Perşembe, Mart 16, 2006

TRUSH HOUR!




















Oldum olası kalabalıktan hazzetmem, bu yüzden
de sabahları işe giderken (bi zamanlar ben de
işine giden bi sivildim bühüühühüü) gavurun
tabiriyle "Rush Hour"da o keşmekeşin içine
girmektense erkenden kalkmayı ya da işe geç
kalmayı seçmişimdir ve ne yalan sööliyim,
ikinci seçenek daha baskındır her zaman.
Bi bara gittiğimde ise hep biraya en yakın,
kalabalığa en uzak yerlerde sabitlerdi kendini
bu fani beden. Fatura kuyruklarından kaça kaça
yediğim faizler ve cezalar ve ise kol ebatlarını
çoktan aşmış, kanalizasyon borusu kıvamındadır.
Ev hayatımda da senelerdir aynı kararlılıkla
yalnızlığı seçmiş, ben ve ben mutlu bi şekilde
yaşar iken, bu asosyal kalabalık düşmanını 100
küsur kişiyle yaşamaya mahkum ettiler aniden.
Artık "rush hour"ların yerini "trush hour"lar
almıştı. Önceleri sabahın 6'sında 100 kişinin
8 adet lavaboda traş olmak için girdiği yarışta
yataktan 20 dakika erken kalkmak suretiyle
(matematik problemi gibi oldu be) galip gelirken,
artık kol saatimin alarmının beni uyandırma
konusunda eskisi kadar başarılı olmaması sebebiyle
farklı yöntemler denemek zorunda kalıyorum.

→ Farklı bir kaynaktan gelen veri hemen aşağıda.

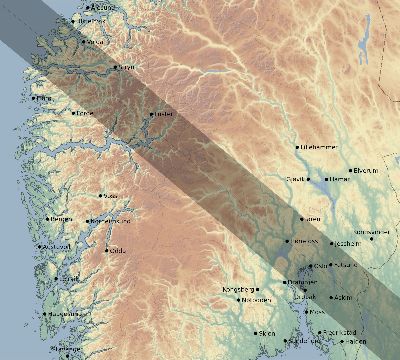 Map of the eclipse path across Norway on 06/01/1639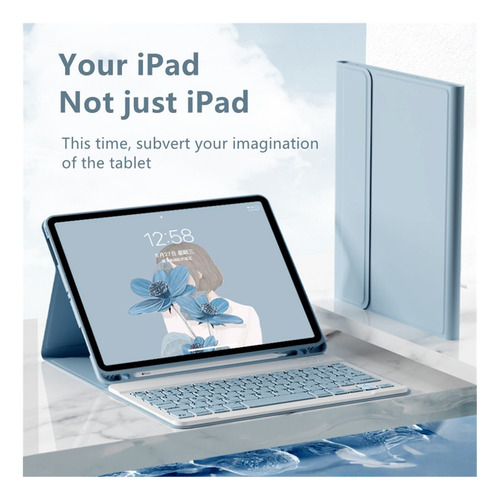 Zh Funda Tablet Com Teclado Bluetooth For iPad Mini 6 8.3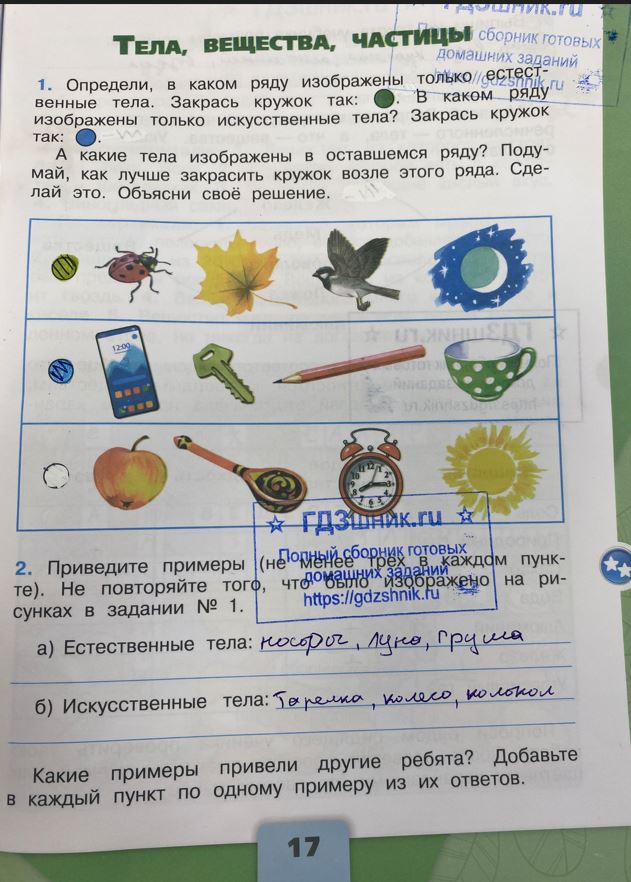 гдз 3 класс Рабочая тетрадь по окружающему миру 1,2 части Просвещение ФГОС Школа России  страница 17 Плешаков А.А.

Mesela dün sabah traş köpüklerinin içine asit
zerkedilen iki arkadaşımızın hastaneye kaldırılması
nedeniyle zorda olsa boş lavabo bulabildim. Bu sabah
ise önümdeki arkadaşın kaygan zeminde dengesini
kaybedip düşerek kafasını yarması beni çok üzse de,
traş olacak boş lavabo bulabilmem beni teselli etti.
Yarın sabah mı, silahlıktan bi kasatura kaybolmuş
dün akşam, umarım sabah telaşıyla bi kaza olmaz?